No outro dia, às seis da manhã já estávamos tomando café, e, com as baterias da furadeira carregadas, partimos destemidos para mais dois dias de “rock‘n roll”. Subimos, eu e o Horacio novamente, 600 metros de cordas fixas e seguimos abrindo a via. Cada metro era conquistado com muita dificuldade naquela aresta vertical. Quase à noite, nos abrigamos num dos portaledges. Conforto total: sacos de dormir, queijo mineiro, mate e até boa música. Acordamos com um tempo fechado, que anunciava uma desagradável chuva a cair a qualquer momento. Mas não podíamos esmorecer, tínhamos uma missão: terminar a via, rapelar tudo e voltar a tempo para o show do Zé Ramalho, que animaria São Félix de Minas à noite, e que seria aberto pelo Edimilson Duarte, o dono do refúgio onde estávamos instalados, músico, e dos bons.
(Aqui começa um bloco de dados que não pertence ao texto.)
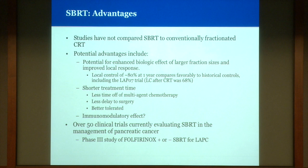There are no studies directly comparing SBRT to conventionally fractionated chemo-radiation, but potential advantages include an increased biological effect from larger fractions potentially improving local control. Comparing across studies, single-institution reports show approximately 80% local control at one year, somewhat higher than the 68% seen on the chemo-radiation arm of the LAP07 trial. Additional advantages include shorter treatment time, meaning less time off effective multi-agent systemic therapy, less delay to surgery for operative candidates, and a shorter program better tolerated by patients. There is also preliminary data suggesting an immune modulatory effect of SBRT that could be harnessed in conjunction with immune therapies.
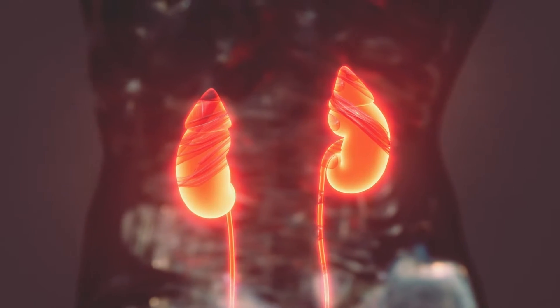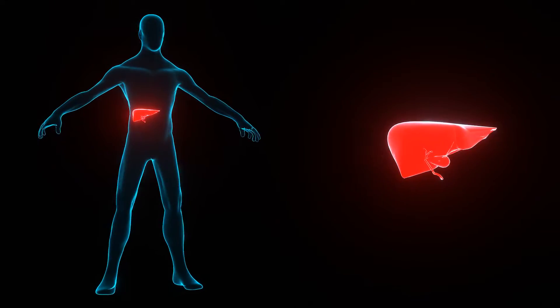In today's video, I'm going to be covering a new medication that was just approved in 2022, known as Terlevaz. The generic name for this medication is terlipressin. So to start, what is Terlevaz used to treat? This medication is indicated to be used in the treatment of hepatorenal syndrome, which is when the kidneys stop working well in patients who have serious liver problems.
 Fui subindo completamente absorto pela beleza da escalada que realizava. Passei uma saliência pronunciada de rocha e pensei que a rota ficaria menos vertical, mas as dificuldades já aumentaram após alguns metros. Num dos lances deste dia, quando puxava a furadeira para bater uma proteção (chapeleta), uma agarra do pé quebrou e quase fui abaixo com furadeira e tudo. Pedi água para aliviar o sol que não dava trégua, mais chapeletas e uma nova bateria para a furadeira. Depois de recuperado, nada de moleza. Já tínhamos 700 metros e nada de cume. Às três da tarde eu estava destruído e acabaram as baterias. Decidimos descer, mas quando olhamos para baixo, percebemos que Klaus estava subindo. Olhamos um para o outro já diagnosticando: ele vai querer fazer uma sessão de fotos e, infelizmente, nós seremos os modelos... Dito e feito, foram horas de olha para lá, coloque a sua mão mais para cima, aponte ali, etc. Tudo isso a 700 metros de altura, com possibilidades de levar quedas impressionantes e ainda de perder o show! Foi estressante, mas as fotos valeram a pena.

No fim, deu tudo certo, o Zé Ramalho esteve muito bem, o Edimilson também, e os alemães amanheceram no forró. E de lá voltaram direto para a base da via, para encadenar todas as cordadas. Encadenar significa escalar novamente metro a metro, sem cair, nem apoiar-se nas proteções (chapeletas fixadas na pedra ou proteções colocadas em fissuras). Isso serve para graduar a dificuldade técnica de cada trecho para que outros que queiram repetir a via possam saber onde estão se metendo.

Nos juntamos a eles no outro dia para alcançarmos o cume. Já era o 11º dia de escalada e jumareamos (subimos pelas cordas) 850 metros! Chegamos um após o outro ao topo da aresta e festejamos muito. Estávamos impressionados com a beleza da via e da paisagem que nos cercava. Pela perfeição que foi toda a trip, pelo bom entrosamento da equipe e pela hospitalidade e alegria dos habitantes locais, resolvemos batizar a via com o nome Place of Happiness.

 

Place of Happiness
850 m, 9a, Aresta norte da Pedra Riscada, São José do Divino, MG. Escaladores: Edemilson Padilha (BRA), Horacio Gratton (ARG), Stefan Glowacz (ALE), Holger Heuber (ALE) e Klaus Fengler (ALE). Julho/2009.